I think it is no accident that we don’t see actual small people, even though the holiday festivities are supposedly centered around them with Bernard’s pathetic puppet rendition of “The Three Little Pigs,” the pile of presents, and Clive being dressed up as Father Christmas. In fact, these adults behave more like children than children do. They reflect many of our families who are comprised of people we might not choose to be with at all, if it weren’t for accidents of birth and marriage, being thrown together in a small space for an extended period of time. Everyone’s flaws are magnified in such situations which, of course, lend themselves naturally to farce. Ayckbourn has said this show is a favorite of his and based it on his own family get-togethers. He has directed it several times too, and I think he would approve of Elizabeth Helman’s rendition here. She milks the situations for maximum laughs and seems to find the limited stage space at the Gaslight an advantage, as it requires people to be in each other’s faces even more obviously. Rachel, who annoys practically everyone, has a habit of leaning right into someone and talking very loudly, so her physical tic reflects the claustrophobia everyone feels anyway.

Still, there is more to the parts than the whole here. It is worth the price of admission to see Teresa Doggett play an extended drunk scene. The interplay between Clive and Belinda reaches its apex in an ill-timed close encounter that comes right before intermission. Bernard’s puppet show rehearsal, while it does get a bit tedious, is fun to watch. Uncle Harvey’s pronouncements are delivered with crack comic timing (and a perfect British accent, which is the case with most of the cast. I suppose it’s worth mentioning that Doggett is Welsh, so she would sound authentic).
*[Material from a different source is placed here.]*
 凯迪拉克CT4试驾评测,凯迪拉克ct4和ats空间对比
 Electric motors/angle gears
In a way though, this is a sort of Jekyll and Hyde play. It is quite funny, but it has a darker underbelly than most farce. The marriages we see leave much to be desired, as does the friendship between Neville and Eddie. Neville enjoys being in control and if things don’t seem to be going his way, he simply ignores them. Baker does a nice job of playing the unfulfilled wife who wants desperately to believe she is happily married, and finally demands attention. Pattie is worried about her relationship with Eddie and frightened that he doesn’t want the new baby. Bernard and Phyllis are just an all-around hot mess, but we laugh at them anyhow.
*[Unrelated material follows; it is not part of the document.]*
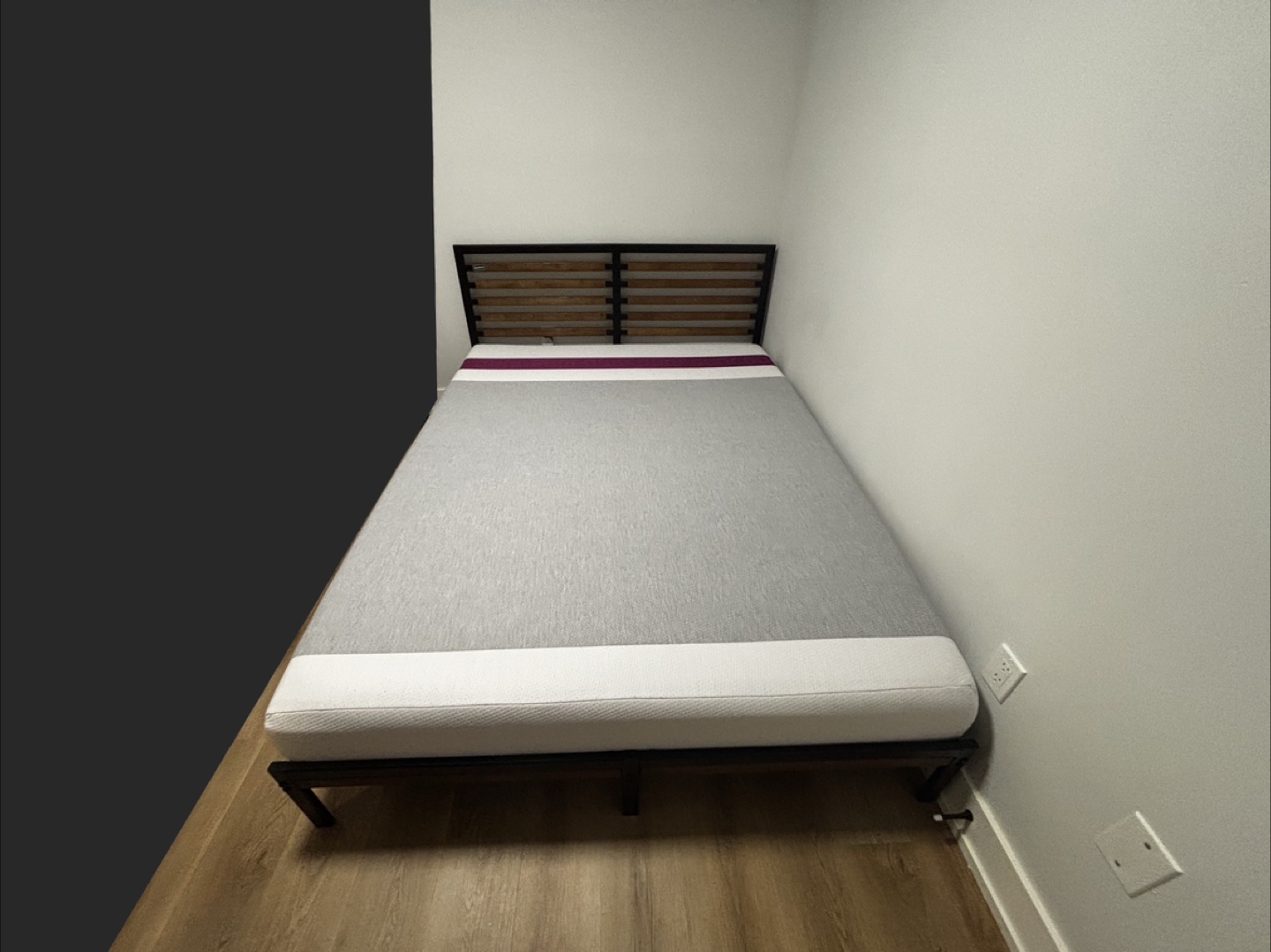 JUNO queen size Mattress and bed frame - photo 3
The set is a quite convincing old home with a living room and dining room, stairs to the bedrooms and a door to the kitchen. It has rather ugly but appropriate green wallpaper and nice crown molding. It is creatively imagined by Christie Johnston. Robin Weatherall’s collection of Christmas songs from the traditional to the offbeat are interesting, but the volume could stand to be turned down a bit. Johnathan Zelezniak’s lights add to the “festive” mood and JC Krajicek’s costumes are appropriate for each character. I have one nit to pick about the props though. The show is set in 1980, and at one point, a cassette player is a prominent feature of a scene, but Neville uses a contemporary cell phone. It would be simple to switch that out for an old-fashioned cordless prop phone, and I wish Props Designer Lisa Beke would do so. Overall, though, the production is technically quite good.

Part of your enjoyment of this show will depend on how much you like Ayckbourn’s quirky, talky, style. The play runs 2 hours and 30 minutes, not counting intermission. If you like it, and I did, it won’t seem long after it gets going. If Season’s Greetings should happen not to be your cup of nog, then you may feel a a bit trapped yourself. Not incidentally, Neville and Belinda’s last name is “Bunker,” which is not in the program’s credits. Considering the play and the players, I think it should be.